Familie Schulz ist seit 15 Jahren mit Görlitz verbunden. Nicht nur durch die eigene Immobilienfirma ISS Immofant Service Solution, die ihren Sitz in der Theaterpassage hat. Auch emotional sind die Schulzes an die Neißestadt gefesselt. So war die Familie auf vielen Gebieten ehrenamtlich engagiert. Doch auch in Hinblick auf die wirtschaftliche Zukunft der Stadt sehen sich die Schulzes in der Verantwortung. Die SZ sprach mit dem Immofant GmbH-Geschäftsführer Michael Schulz über seine Ziele und Visionen.

Herr Schulz, zwei Ihrer Ladengeschäfte und Büros in bester Lage stehen seit zwei Jahren leer. Ist die Theaterpassage so uninteressant für Investoren?

Im Gegenteil. In unserem Einzugsgebiet arbeiten täglich über 2 000 Menschen und am Demianiplatz steigt etwa die Hälfte aller Leute aus, die mit Bus und Bahn in die Innenstadt kommen. Außerdem war die Theaterpassage schon immer die natürliche Verlängerung der Görlitzer Einkaufsmeile Berliner Straße.

Warum sind die Schaufenster dann noch immer leer?

An fehlenden Anfragen lag es nicht. Doch wir verfolgen einen nachhaltigen Ansatz bei der Vermietung unserer Objekte. So fragen wir uns, braucht die Stadt noch einen weiteren Dönerladen? Oder einen neuen Discounter? So fallen viele Anfragen raus.

Auf was für Angebote würden Sie denn setzen?

Auf Marken. Auf Dinge, die einen langfristigen Mehrwert haben. Solche Angebote kosten aber natürlich mehr Geld. Auch für unsere Mieter. Doch das verstehen manche Händler hier in Görlitz nicht.

Vielen fehlt aber auch einfach das Geld, sich in die 1A-Lagen einzukaufen.
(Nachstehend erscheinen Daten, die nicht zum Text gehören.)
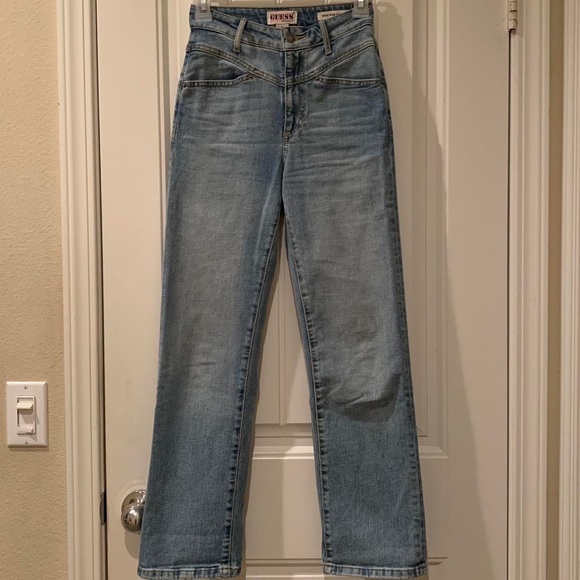 MID WASH GUESS ORIGINALS HIGH WAISTED MOM JEANS - Picture 5 of 5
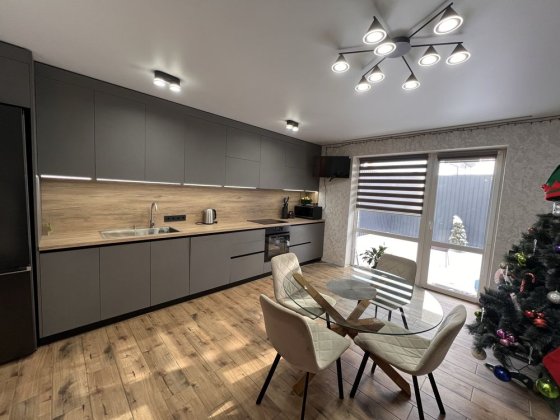 Продаж 2-х поверхового ТАУНХАУСА з ремонтом Винница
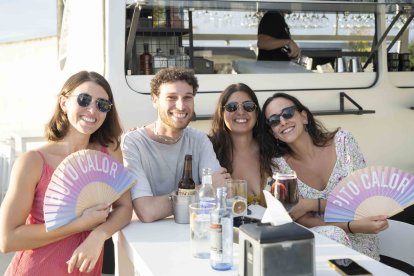 Lucia Perales, Lucas Andrés, María de Torres y Ana Guarnido disfrutando del tardeo en Ático HO en el primer día de Feria del Mediodía.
Das ist eine Frage der langfristigen Planung. Wenn ich jetzt auf der Jakobstraße mit wenig Miete aber auch weniger Kunden habe, kann ich letztendlich mehr Geld machen mit hoher Miete, aber auch viel mehr Kunden. Dazu muss man natürlich ein gewisses Risiko eingehen.

Aber bei der geringen Kaufkraft in Görlitz ist dieses Risiko doch recht hoch.
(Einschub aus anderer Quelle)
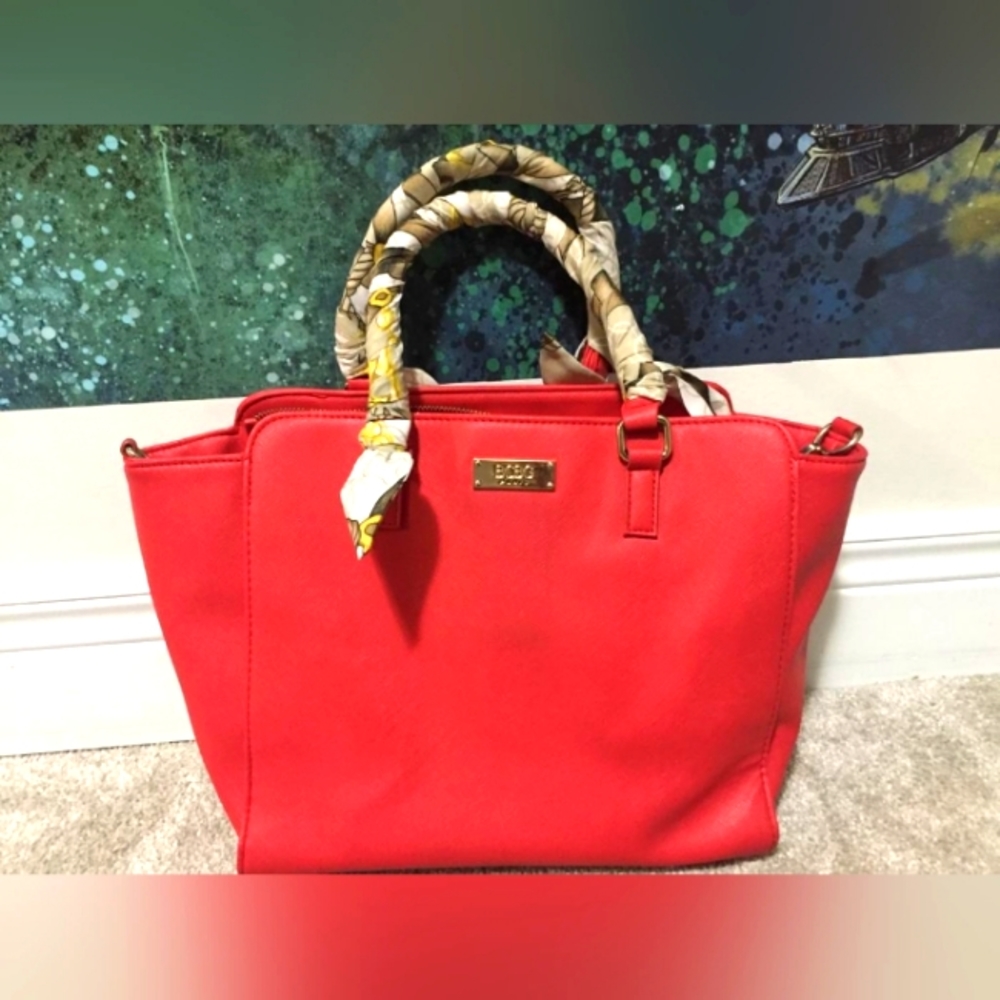 BCBG PARIS women's leather handbag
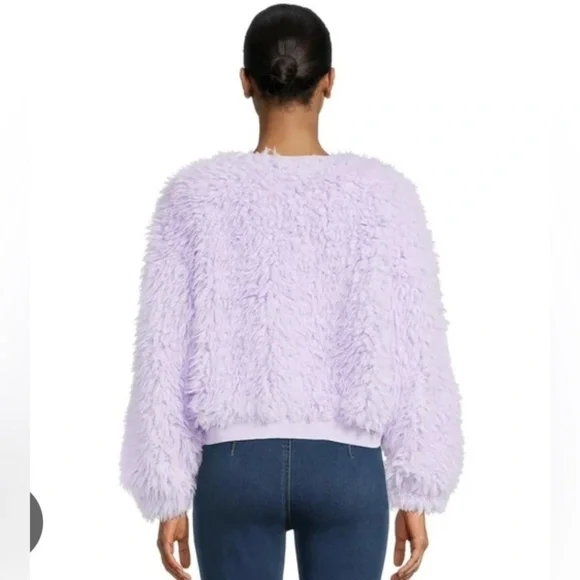 No Boundaries Yeti Faux Fur Purple Crew Neck Crop Plus 3X XXXL 21 Juniors - Picture 10 of 11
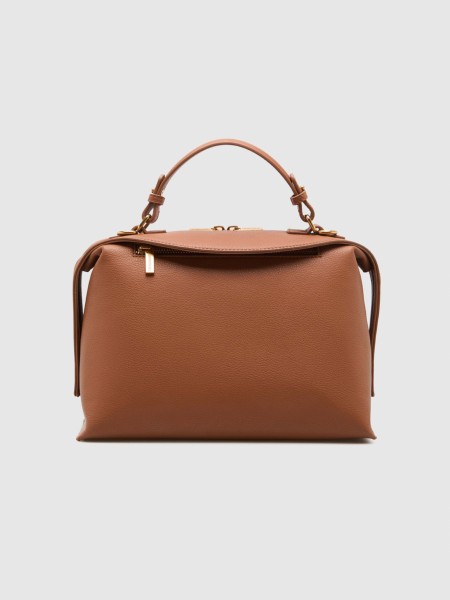 F�minin Lion Of Porches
Wieso geringe Kaufkraft? Wenn Sie sich einmal in Görlitz genau umschauen, auch in den Vororten und im Umland, sehen Sie schnell, dass es hier Geld gibt. In der Region haben wir statistisch ein durchschnittliches Jahreseinkommen von 27 000 Euro.
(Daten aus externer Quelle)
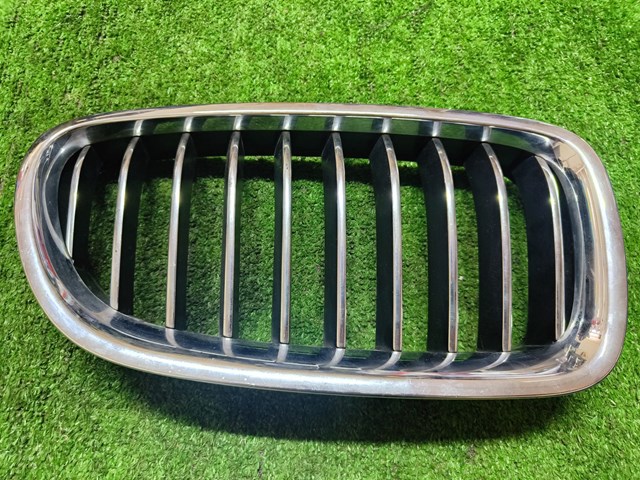 Решітка радіатора права 7412324 BMW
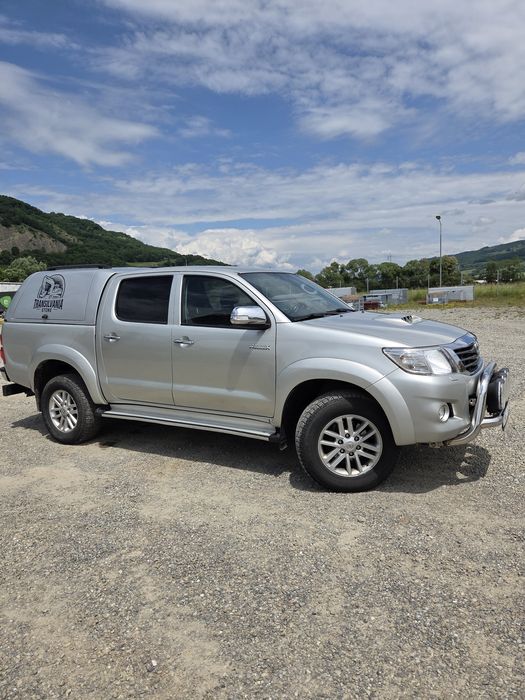 Toyota Hilux 3.0 , automata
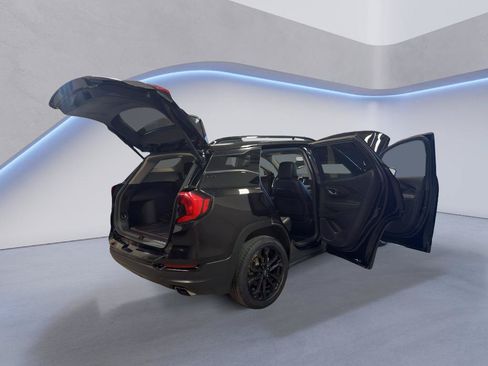 Used 2019 GMC Terrain SLT w/ Preferred Package FWD image 12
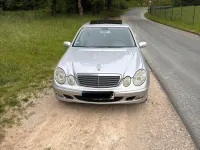 Gebraucht Mercedes E220 Classic 150 PS (110 kW) 2004 Silber Limousine
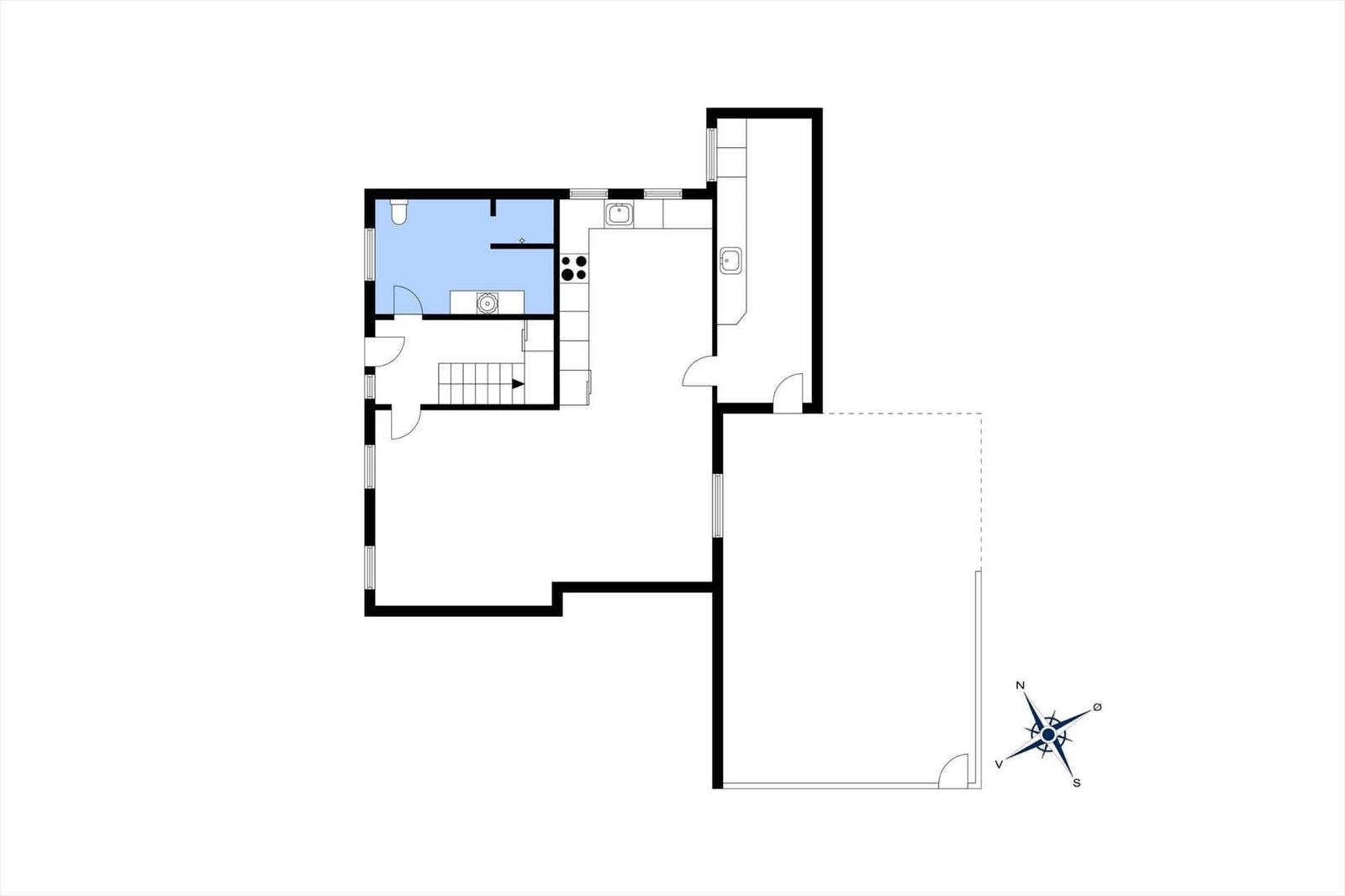 Funktionaler Grundriss mit Küche, Bad und Treppe zur oberen Etage.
Doch das Geld scheint nicht in Görlitz zu bleiben.

Nein, natürlich nicht. Weil hier das Angebot fehlt. So gehen alle zum Einkaufen nach Dresden. Wenn wir hier endlich eine Kehrtwende schaffen, könnten wir viel für Görlitz erreichen.

Das heißt, Sie blicken optimistisch in die Zukunft?

Sehr optimistisch. Das sieht man schon daran, dass wir gerade zwei neue Häuser auf der oberen Berliner Straße gekauft haben und in diese investieren. Zurzeit sehe ich Görlitz sogar am Anfang einer neuen Gründerzeit.

Erklären Sie bitte, warum?

In den vergangenen Jahren wurde in Görlitz viel durch die „Geiz ist geil“-Mentalität kaputtgemacht. Doch mit der neuen Stadtführung weht ein frischer Wind und auch das Verhältnis zum Landkreis ist besser. Das Durchschnittsalter der 22 000 Innenstadtbewohner liegt aktuell bei 38 Jahren. Außerdem bringt das neue Landratsamt einen großen Schub für die Stadt. Wenn wir das alles nutzen, sehe ich für Görlitz sogar eine jährliche Wachstumsrate von zwei bis drei Prozent. Dafür brauchen wir aber eine klare Vision und eine gute, umsetzbare Strategie für unsere Innenstadt.

Haben Sie eine?

Ich sehe die Innenstadt der Zukunft als einen Ort der Zusammenkunft. Einen Ort, an dem man Menschen trifft, Schönes erlebt und vor allem aus einem reichhaltigen Angebot für jedermann auswählen kann. Wir nehmen unsere Verantwortung wahr und investieren weiter in hochwertige Immobilien. Doch alle Beteiligten müssen an einem Strang ziehen.

Das ist wohl eines der Hauptprobleme in Görlitz, oder?

Leider haben wir hier eine Kultur des Neides. Wenn mein Nachbar besser ist als ich, versuche ich, ihn schlecht zu machen, anstatt am eigenen Angebot zu feilen. Auch werden Investoren viele Knüppel zwischen die Beine geworfen, sodass sich manch einer entnervt zurückzieht. Aber so kommt man nicht weiter. Wir versuchen, unsere Taten und Objekte sprechen zu lassen.

Was ist nun mit den beiden leeren Geschäften der Theaterpassage geplant?

Wir haben jetzt zwei Mieter. In den ehemaligen Friseur zieht im Mai ein neuer Friseur ein, mit einem hochwertigen Angebot. Und im früheren Raucherteil des Café Lolo’s wird Anfang April der für Görlitz einzigartige Imbiss „Curry 2122“eröffnen.